··· Raw data ···

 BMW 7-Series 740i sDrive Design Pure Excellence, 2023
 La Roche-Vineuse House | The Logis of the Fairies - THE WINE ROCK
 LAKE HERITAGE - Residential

···

Now output the listing above, exactly as it appears.

 BMW 7-Series 740i sDrive Design Pure Excellence, 2023
 La Roche-Vineuse House | The Logis of the Fairies - THE WINE ROCK
 LAKE HERITAGE - Residential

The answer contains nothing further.